FinTech Flashback: Neobanks As Primary Institutions
FINTECH FLASHBACK is a series on FinTechtris that takes a look back at topics first discussed over a year ago and provides updates, dialogue, and further developments of what’s going today in the industry.
Two years ago, in the early days of the FinTechtris community, we spoke about the battle for primary relationships between digital banks and traditional banks and credit unions (read the brief, original article here). As a quick recap, primary banking relationships typically involve a checking account receiving recurring payroll deposits, paying multiple bills monthly, and providing a debit card that a consumer would consider their main card for withdrawals and purchases.
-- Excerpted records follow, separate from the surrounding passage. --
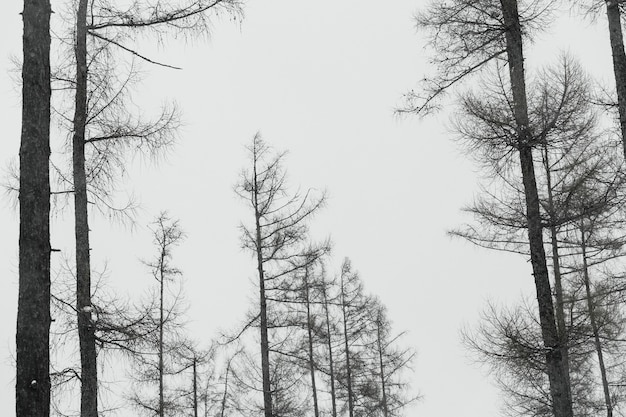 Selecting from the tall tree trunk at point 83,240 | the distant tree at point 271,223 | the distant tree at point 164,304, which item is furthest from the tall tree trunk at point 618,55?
the distant tree at point 164,304

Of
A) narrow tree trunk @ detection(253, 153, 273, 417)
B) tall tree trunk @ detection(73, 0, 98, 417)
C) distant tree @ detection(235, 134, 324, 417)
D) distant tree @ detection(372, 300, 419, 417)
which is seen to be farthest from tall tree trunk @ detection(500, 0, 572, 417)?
distant tree @ detection(372, 300, 419, 417)

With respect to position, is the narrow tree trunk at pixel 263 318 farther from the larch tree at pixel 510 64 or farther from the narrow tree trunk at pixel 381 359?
the narrow tree trunk at pixel 381 359

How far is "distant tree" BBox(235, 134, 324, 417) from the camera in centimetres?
1525

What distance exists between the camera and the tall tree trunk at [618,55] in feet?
26.9

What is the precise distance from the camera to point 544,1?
9094 mm

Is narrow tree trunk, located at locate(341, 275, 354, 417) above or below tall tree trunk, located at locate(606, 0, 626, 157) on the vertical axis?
below

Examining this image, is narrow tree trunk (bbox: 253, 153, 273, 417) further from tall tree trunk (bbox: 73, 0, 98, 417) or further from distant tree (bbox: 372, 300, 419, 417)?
distant tree (bbox: 372, 300, 419, 417)

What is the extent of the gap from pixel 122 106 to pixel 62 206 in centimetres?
180

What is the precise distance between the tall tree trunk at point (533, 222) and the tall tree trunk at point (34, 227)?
5833 mm

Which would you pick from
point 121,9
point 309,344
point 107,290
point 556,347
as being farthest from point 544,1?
point 309,344

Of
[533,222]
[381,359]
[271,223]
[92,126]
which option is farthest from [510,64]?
[381,359]

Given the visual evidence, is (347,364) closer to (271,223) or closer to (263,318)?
(263,318)

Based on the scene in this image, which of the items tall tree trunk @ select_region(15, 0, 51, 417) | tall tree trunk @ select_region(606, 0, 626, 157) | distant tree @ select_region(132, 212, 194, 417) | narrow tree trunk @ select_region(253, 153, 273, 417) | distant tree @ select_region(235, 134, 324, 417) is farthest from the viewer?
distant tree @ select_region(132, 212, 194, 417)

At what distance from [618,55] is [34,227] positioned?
730 cm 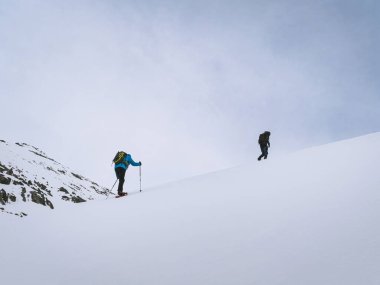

Large banks and legacy institutions have historically held the majority of these primary relationships since banking became popular and accessible over 70 years ago. Fast forward to the Financial Crisis of 2008-2009, these banks lost the trust of their primary customers who now looked elsewhere for their banking needs. Many clients transitioned over to small regional banks and credit unions for higher interest on savings and no monthly fees, but became disappointed with the lack of ATM access and services available outside of their local community.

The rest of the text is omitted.